- **What is needed**
Among the records below, find the line that has "image_6851173c5d286 Miley Cyrus"; from there, give the lines again exactly, and stop after the line that has "250 Captains Quarters".

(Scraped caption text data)
• • •

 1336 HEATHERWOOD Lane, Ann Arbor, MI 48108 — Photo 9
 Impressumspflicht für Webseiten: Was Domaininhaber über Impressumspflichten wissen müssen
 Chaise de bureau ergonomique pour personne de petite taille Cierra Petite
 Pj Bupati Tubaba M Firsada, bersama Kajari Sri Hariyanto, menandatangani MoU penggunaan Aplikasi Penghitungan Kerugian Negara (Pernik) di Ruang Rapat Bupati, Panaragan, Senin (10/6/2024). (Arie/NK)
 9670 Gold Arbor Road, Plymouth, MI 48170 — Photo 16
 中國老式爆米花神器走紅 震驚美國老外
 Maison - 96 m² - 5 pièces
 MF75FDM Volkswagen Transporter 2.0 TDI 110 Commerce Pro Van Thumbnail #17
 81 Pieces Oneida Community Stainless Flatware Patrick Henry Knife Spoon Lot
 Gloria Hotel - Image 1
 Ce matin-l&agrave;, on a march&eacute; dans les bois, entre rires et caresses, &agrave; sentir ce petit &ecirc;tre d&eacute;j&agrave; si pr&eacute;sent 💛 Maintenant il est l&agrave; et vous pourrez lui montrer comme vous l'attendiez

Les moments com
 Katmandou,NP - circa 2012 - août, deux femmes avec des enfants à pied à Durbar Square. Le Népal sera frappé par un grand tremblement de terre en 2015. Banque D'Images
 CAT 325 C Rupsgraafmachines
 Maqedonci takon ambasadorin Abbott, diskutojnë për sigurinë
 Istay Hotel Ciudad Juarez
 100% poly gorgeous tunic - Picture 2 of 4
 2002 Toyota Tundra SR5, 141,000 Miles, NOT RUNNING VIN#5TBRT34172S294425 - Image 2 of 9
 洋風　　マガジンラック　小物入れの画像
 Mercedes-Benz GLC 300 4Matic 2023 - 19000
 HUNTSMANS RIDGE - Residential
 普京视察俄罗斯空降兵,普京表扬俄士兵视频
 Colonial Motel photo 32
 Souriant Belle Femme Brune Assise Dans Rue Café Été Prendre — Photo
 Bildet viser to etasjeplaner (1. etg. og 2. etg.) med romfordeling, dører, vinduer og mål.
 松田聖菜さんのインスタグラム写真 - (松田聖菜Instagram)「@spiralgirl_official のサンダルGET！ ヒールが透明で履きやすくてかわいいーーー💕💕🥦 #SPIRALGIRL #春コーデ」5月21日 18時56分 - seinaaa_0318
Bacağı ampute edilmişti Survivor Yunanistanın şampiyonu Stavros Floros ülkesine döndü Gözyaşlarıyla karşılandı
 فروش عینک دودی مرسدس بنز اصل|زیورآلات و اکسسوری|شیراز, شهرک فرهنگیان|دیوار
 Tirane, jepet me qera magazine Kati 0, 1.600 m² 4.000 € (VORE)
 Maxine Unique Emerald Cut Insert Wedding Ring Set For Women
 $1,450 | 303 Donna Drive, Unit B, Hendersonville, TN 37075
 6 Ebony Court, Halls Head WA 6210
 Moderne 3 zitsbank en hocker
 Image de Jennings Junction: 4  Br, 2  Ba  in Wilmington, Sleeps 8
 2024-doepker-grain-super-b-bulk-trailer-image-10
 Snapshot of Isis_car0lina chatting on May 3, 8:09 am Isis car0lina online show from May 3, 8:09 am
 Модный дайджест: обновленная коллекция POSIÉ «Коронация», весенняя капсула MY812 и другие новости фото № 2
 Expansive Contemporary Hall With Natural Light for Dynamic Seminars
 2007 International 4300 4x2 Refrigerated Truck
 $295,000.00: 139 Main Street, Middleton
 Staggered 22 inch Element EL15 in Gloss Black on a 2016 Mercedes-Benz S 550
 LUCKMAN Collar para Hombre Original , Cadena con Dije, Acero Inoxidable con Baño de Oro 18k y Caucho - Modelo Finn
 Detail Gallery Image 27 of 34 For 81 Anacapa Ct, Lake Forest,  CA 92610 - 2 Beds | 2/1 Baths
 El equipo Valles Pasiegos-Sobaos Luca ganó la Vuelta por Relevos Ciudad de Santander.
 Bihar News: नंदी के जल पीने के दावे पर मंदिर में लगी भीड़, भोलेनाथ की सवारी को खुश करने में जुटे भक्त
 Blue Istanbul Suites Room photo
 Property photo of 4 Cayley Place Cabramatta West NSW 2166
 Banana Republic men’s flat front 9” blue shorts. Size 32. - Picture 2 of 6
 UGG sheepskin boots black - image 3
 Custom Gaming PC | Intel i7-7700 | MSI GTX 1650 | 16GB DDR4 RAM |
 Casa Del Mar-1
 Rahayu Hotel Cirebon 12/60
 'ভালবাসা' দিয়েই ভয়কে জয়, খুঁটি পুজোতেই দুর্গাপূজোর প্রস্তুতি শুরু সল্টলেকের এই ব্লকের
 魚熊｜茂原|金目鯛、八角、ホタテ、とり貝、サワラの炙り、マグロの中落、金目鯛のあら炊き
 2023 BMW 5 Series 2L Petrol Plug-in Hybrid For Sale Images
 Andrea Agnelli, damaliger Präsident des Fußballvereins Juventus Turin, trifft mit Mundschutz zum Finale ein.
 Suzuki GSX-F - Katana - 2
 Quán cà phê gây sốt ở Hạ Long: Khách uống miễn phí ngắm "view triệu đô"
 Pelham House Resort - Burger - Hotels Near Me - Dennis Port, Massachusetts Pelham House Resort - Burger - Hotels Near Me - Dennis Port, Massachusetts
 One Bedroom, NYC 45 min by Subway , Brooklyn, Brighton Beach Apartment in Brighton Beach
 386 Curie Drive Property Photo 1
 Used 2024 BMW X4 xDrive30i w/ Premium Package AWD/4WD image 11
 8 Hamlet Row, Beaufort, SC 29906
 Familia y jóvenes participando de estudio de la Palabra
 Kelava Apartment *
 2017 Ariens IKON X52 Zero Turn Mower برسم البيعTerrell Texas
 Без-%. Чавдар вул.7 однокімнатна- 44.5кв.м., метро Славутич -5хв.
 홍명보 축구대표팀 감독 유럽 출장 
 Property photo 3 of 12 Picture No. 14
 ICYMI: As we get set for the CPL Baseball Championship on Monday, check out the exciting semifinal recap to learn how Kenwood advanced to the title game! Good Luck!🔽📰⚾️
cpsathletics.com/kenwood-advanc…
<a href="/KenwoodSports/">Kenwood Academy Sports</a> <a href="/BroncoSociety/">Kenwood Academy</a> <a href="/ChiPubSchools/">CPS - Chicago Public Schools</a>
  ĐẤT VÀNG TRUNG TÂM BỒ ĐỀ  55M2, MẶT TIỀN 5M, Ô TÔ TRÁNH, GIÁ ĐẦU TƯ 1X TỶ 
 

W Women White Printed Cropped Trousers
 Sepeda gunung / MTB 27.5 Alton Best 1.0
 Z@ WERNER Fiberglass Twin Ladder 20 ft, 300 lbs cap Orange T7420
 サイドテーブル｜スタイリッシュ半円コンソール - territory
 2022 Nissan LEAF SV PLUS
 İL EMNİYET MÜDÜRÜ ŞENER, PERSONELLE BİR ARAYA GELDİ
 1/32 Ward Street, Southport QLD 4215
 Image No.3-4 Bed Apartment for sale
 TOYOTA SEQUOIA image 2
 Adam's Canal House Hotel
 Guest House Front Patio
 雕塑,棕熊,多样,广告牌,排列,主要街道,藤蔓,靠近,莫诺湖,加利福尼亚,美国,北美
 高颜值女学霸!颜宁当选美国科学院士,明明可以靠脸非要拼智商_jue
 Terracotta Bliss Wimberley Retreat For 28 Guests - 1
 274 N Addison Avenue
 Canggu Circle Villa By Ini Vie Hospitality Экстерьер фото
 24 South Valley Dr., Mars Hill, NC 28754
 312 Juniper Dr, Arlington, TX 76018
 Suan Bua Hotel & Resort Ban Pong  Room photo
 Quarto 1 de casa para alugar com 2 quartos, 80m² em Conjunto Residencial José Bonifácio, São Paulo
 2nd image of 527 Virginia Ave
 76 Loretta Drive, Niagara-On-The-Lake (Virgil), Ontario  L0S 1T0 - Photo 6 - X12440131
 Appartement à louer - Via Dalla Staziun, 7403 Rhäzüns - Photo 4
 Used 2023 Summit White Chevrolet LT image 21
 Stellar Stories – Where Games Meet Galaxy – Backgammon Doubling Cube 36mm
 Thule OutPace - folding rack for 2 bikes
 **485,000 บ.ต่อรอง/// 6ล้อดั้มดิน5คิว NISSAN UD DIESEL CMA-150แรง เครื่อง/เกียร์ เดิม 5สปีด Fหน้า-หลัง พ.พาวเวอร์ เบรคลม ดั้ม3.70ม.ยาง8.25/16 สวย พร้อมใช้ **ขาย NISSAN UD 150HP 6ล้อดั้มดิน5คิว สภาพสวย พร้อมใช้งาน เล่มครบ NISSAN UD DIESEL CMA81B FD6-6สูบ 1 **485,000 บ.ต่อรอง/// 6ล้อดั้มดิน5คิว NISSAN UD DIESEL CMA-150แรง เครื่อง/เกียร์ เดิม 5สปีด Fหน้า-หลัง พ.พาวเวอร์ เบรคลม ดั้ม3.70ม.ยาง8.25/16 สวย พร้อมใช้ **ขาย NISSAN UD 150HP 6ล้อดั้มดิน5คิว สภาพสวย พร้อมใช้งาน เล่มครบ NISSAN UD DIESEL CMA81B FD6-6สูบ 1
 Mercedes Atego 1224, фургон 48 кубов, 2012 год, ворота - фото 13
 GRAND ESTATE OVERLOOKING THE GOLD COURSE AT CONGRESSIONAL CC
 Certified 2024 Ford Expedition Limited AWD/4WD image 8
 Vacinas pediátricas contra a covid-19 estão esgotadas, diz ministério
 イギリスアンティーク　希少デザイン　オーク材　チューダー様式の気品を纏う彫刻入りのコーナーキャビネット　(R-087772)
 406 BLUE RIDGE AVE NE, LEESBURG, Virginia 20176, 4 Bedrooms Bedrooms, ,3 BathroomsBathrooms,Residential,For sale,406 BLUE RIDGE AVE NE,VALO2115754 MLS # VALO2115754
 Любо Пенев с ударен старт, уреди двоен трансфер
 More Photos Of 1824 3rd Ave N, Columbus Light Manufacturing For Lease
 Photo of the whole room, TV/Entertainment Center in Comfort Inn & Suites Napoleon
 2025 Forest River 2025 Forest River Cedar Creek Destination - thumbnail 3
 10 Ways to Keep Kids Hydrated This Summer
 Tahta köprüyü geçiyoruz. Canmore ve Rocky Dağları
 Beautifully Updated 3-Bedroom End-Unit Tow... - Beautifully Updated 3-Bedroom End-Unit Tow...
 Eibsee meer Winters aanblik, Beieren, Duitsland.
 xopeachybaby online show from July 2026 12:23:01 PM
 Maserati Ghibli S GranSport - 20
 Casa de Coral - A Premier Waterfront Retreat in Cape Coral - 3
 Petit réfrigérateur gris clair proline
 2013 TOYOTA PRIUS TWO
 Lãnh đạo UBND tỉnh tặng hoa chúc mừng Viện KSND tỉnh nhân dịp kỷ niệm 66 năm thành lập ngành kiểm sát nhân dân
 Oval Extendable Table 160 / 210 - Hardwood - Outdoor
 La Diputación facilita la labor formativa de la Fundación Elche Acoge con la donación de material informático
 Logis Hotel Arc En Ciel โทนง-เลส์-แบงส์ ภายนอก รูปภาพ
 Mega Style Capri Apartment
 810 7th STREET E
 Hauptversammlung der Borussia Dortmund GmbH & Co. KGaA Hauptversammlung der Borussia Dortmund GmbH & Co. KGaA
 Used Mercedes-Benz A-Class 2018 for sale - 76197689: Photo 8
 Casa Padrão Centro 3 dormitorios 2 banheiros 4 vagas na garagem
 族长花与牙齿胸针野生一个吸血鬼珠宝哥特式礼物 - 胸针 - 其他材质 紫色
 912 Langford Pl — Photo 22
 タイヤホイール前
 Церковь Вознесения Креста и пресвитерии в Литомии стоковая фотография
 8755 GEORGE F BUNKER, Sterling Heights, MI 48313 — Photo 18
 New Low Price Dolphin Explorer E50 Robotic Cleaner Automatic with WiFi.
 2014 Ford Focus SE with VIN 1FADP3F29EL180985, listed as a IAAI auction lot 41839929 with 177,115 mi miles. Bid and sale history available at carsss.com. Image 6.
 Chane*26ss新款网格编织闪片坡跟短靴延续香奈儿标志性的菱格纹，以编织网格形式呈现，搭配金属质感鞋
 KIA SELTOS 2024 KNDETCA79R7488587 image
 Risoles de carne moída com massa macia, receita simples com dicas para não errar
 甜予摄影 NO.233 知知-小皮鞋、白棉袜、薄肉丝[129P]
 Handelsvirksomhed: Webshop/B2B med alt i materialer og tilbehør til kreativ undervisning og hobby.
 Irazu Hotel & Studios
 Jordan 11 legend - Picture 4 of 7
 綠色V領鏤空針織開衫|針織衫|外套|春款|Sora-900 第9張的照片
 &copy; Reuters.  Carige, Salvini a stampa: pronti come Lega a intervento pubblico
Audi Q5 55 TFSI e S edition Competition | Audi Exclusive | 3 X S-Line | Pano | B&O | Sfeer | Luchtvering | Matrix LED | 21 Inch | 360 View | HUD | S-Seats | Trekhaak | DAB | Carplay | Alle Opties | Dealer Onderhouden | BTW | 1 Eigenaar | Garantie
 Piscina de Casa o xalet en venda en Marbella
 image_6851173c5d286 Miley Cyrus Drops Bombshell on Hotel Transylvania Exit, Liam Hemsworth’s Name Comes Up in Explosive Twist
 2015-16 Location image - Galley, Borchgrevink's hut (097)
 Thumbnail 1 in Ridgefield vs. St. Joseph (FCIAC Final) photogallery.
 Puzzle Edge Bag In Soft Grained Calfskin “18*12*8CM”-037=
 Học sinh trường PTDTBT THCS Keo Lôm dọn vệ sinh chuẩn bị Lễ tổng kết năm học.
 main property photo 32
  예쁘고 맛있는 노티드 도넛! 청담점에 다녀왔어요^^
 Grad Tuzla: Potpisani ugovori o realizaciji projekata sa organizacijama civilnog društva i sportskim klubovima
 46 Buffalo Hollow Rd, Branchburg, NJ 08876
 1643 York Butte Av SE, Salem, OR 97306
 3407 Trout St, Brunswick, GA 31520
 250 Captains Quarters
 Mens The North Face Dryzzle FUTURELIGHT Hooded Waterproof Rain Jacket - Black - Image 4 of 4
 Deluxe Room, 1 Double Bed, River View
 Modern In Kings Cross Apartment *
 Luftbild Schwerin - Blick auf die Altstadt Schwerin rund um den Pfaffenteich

• • •

- **Answer below**
 image_6851173c5d286 Miley Cyrus Drops Bombshell on Hotel Transylvania Exit, Liam Hemsworth’s Name Comes Up in Explosive Twist
 2015-16 Location image - Galley, Borchgrevink's hut (097)
 Thumbnail 1 in Ridgefield vs. St. Joseph (FCIAC Final) photogallery.
 Puzzle Edge Bag In Soft Grained Calfskin “18*12*8CM”-037=
 Học sinh trường PTDTBT THCS Keo Lôm dọn vệ sinh chuẩn bị Lễ tổng kết năm học.
 main property photo 32
  예쁘고 맛있는 노티드 도넛! 청담점에 다녀왔어요^^
 Grad Tuzla: Potpisani ugovori o realizaciji projekata sa organizacijama civilnog društva i sportskim klubovima
 46 Buffalo Hollow Rd, Branchburg, NJ 08876
 1643 York Butte Av SE, Salem, OR 97306
 3407 Trout St, Brunswick, GA 31520
 250 Captains Quarters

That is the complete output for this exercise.